INSTRUCTIONS FOR THE TASK: From the material below, return exactly the lines starting at the one that holds "Блок питания серверный" and ending at the one that holds "La Libraire – Piecely – 500 detalių dėlionė". Pictures stay out of the answer.

[[ DATA FOR REVIEW, beginning ]]

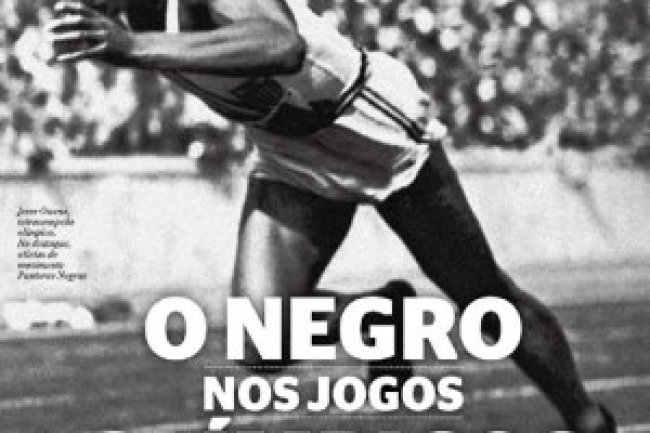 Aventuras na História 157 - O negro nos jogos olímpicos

[[ DATA FOR REVIEW, end ]]
[[ DATA FOR REVIEW, beginning ]]

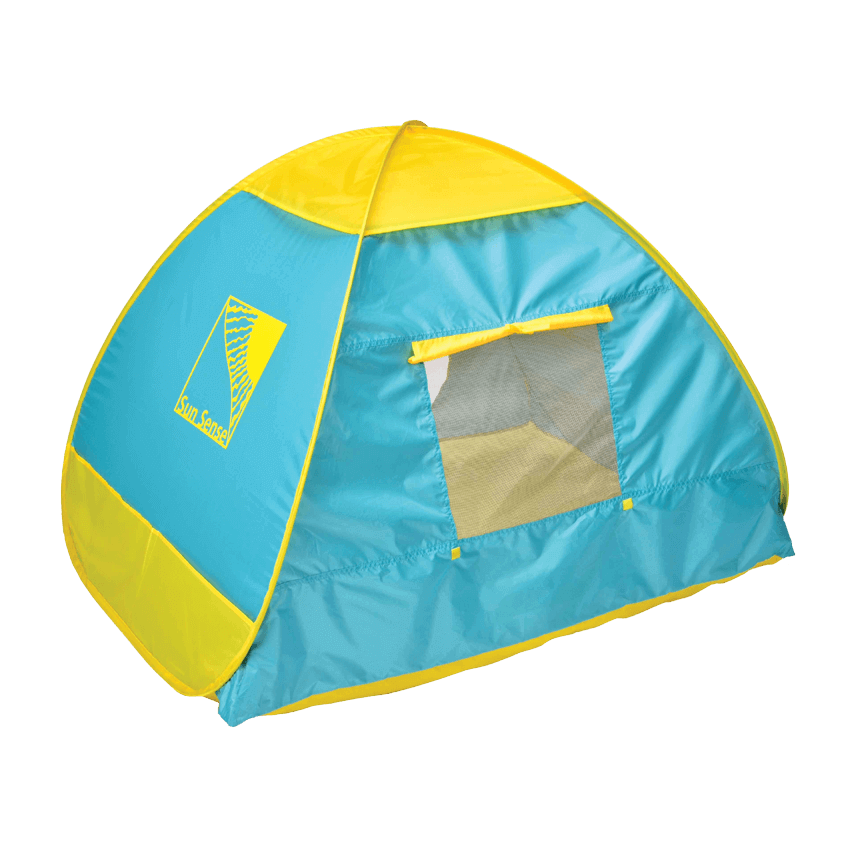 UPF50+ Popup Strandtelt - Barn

[[ DATA FOR REVIEW, end ]]
[[ DATA FOR REVIEW, beginning ]]

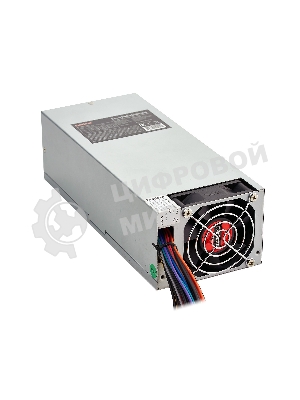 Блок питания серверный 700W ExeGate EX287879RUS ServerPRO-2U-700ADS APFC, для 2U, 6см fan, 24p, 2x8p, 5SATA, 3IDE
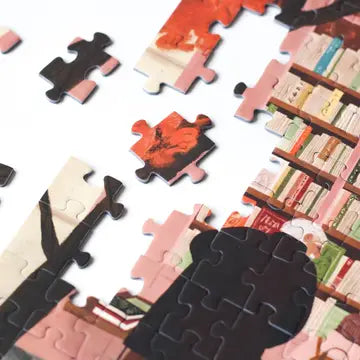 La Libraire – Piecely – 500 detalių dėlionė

[[ DATA FOR REVIEW, end ]]

RESULT FOR THIS TASK:
 Блок питания серверный 700W ExeGate EX287879RUS ServerPRO-2U-700ADS APFC, для 2U, 6см fan, 24p, 2x8p, 5SATA, 3IDE
 La Libraire – Piecely – 500 detalių dėlionė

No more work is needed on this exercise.